### WHAT TO WORK ON:
Everything in the data except the pictures belongs in your answer, copied exactly.

### DATA PROVIDED:
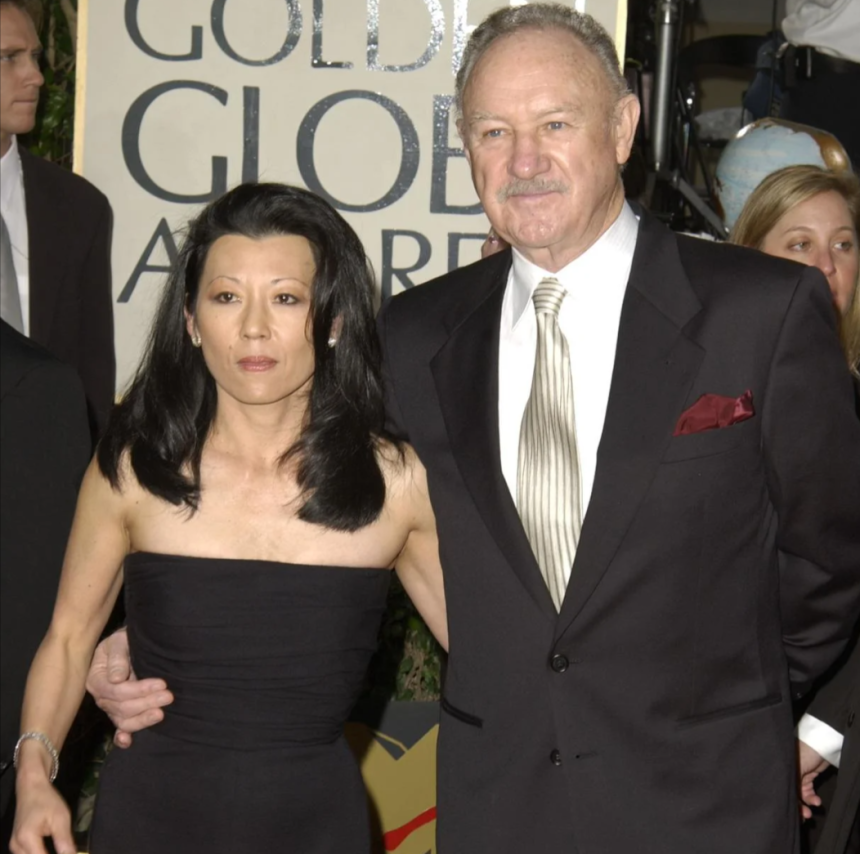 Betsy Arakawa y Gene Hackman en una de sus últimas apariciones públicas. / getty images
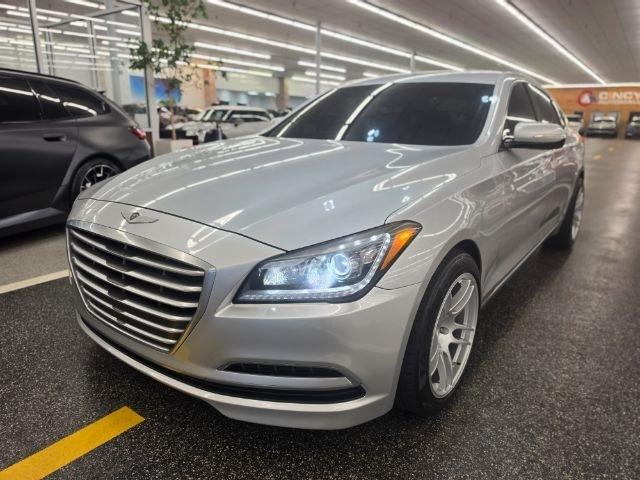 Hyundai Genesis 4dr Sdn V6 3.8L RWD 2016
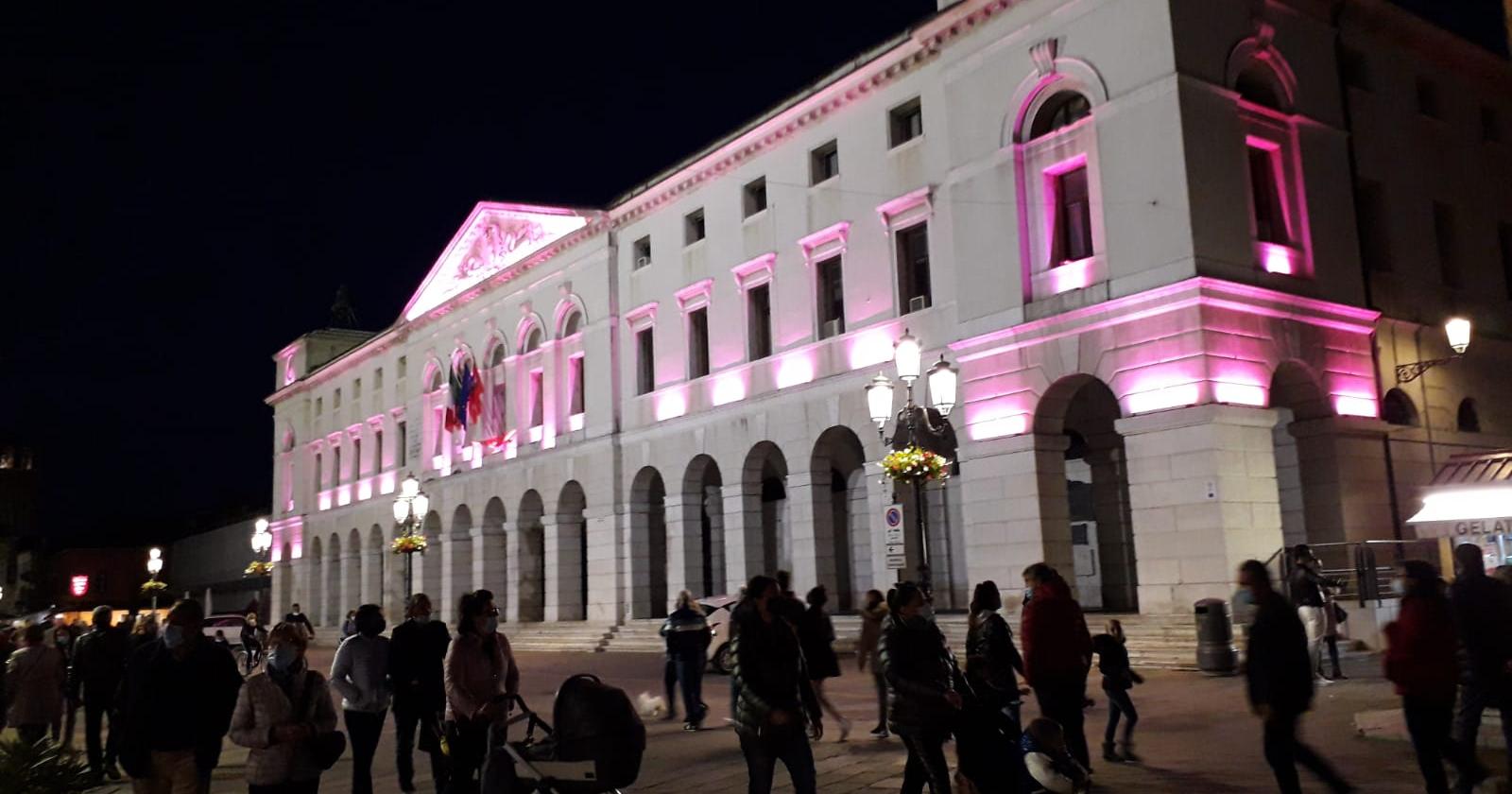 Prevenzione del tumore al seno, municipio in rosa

### ANSWER SPACE:
 Betsy Arakawa y Gene Hackman en una de sus últimas apariciones públicas. / getty images
 Hyundai Genesis 4dr Sdn V6 3.8L RWD 2016
 Prevenzione del tumore al seno, municipio in rosa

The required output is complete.